Stanford CoreNLP wrong coreference resolution

I am still playing with Stanford's CoreNLP and I am encountering strange results on a very trivial test of Coreference resolution.

Given the two sentences :

The hotel had a big bathroom. It was very clean.

I would expect "It" in sentence 2 to be coreferenced by "bathroom" or at least "a big bathroom" of sentence 1.

Unfortunately it point to "The hotel" which in my opinion is wrong.

Is there a way to solve this problem ? Do I need to train anything or is it supposed to work out of the box ?
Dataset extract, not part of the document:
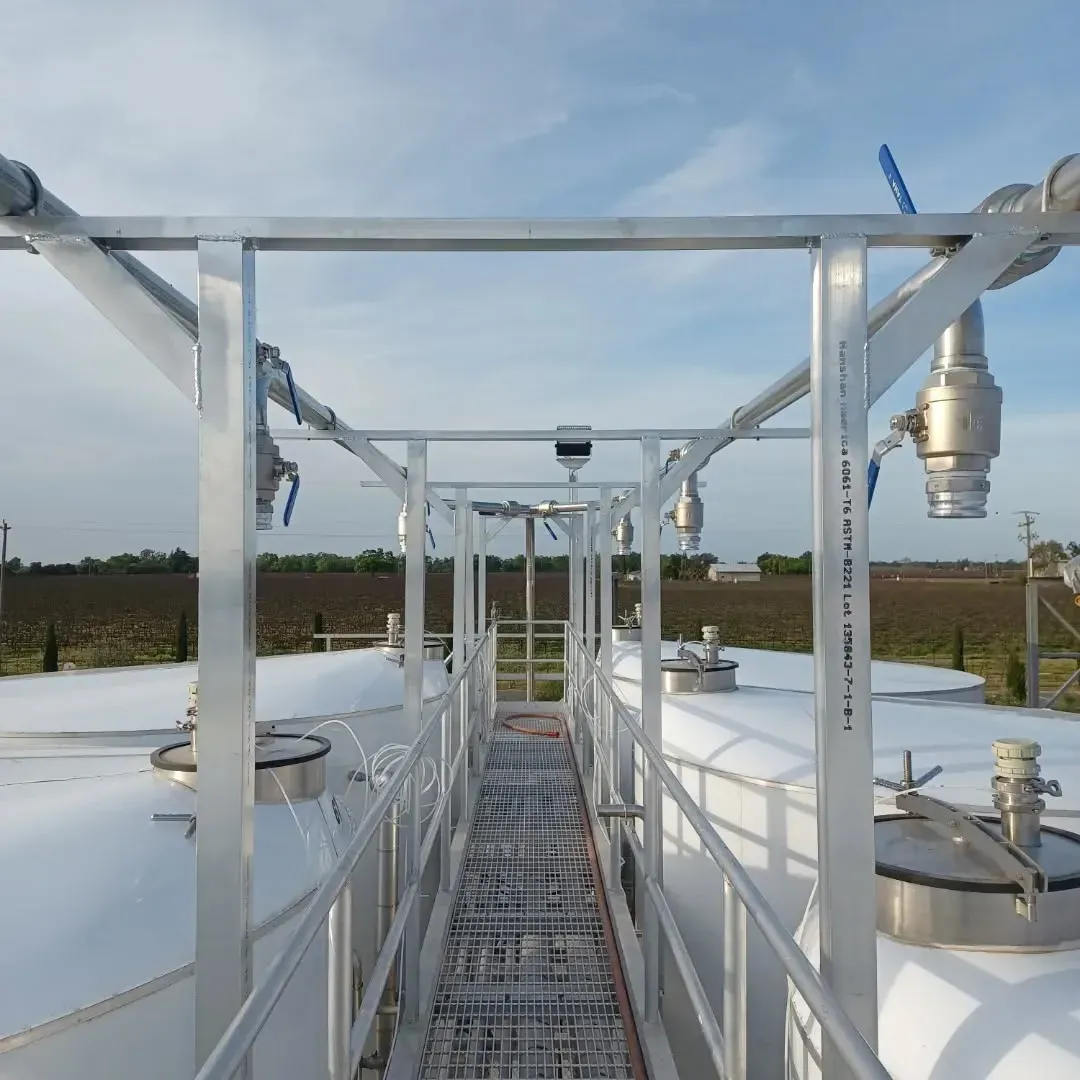 A walkway leading to a row of white tanks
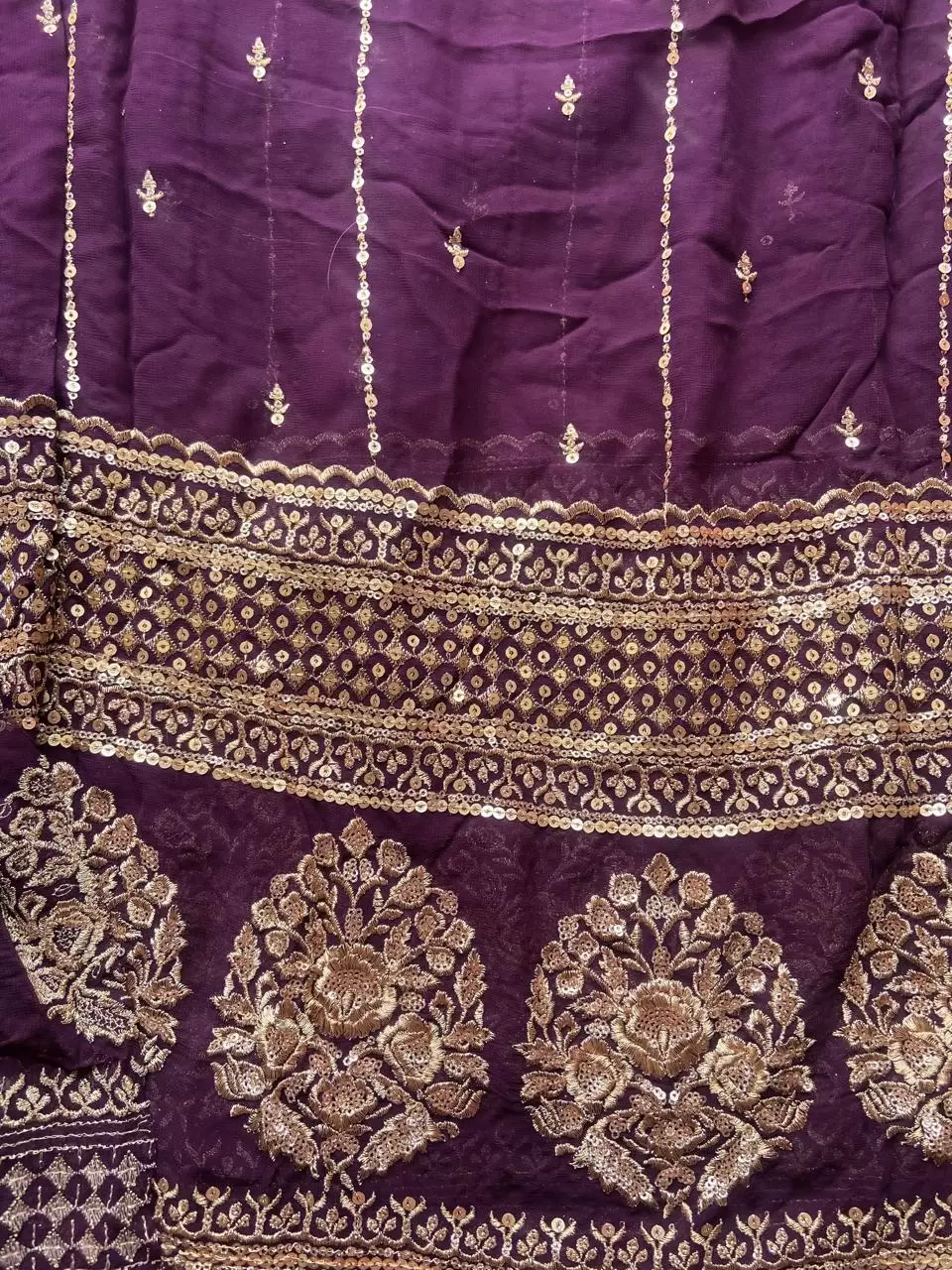 GOLD SEQUIN EMBROIDERY WITH HEAVY BORDER ON WINE GEORGETTE FABRIC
    Annotation a = getPipeline().getAnnotation("The hotel had a big bathroom. It was very clean.");

    System.out.println(a.get(CorefChainAnnotation.class));

output :

{1=CHAIN1-["The hotel" in sentence 1, "It" in sentence 2], 2=CHAIN2-["a big bathroom" in sentence 1]}

Many thanks for your help.

Solution

Like many components in AI, the Stanford coreference system is only correct to a certain accuracy. In the case of coreference this accuracy is actually relatively low (~60 on standard benchmarks in a 0-100 range). To illustrate the difficulty of the problem, consider the following apparently similar sentence with a different coreference judgment:

The hotel had a big bathtub. It was very expensive.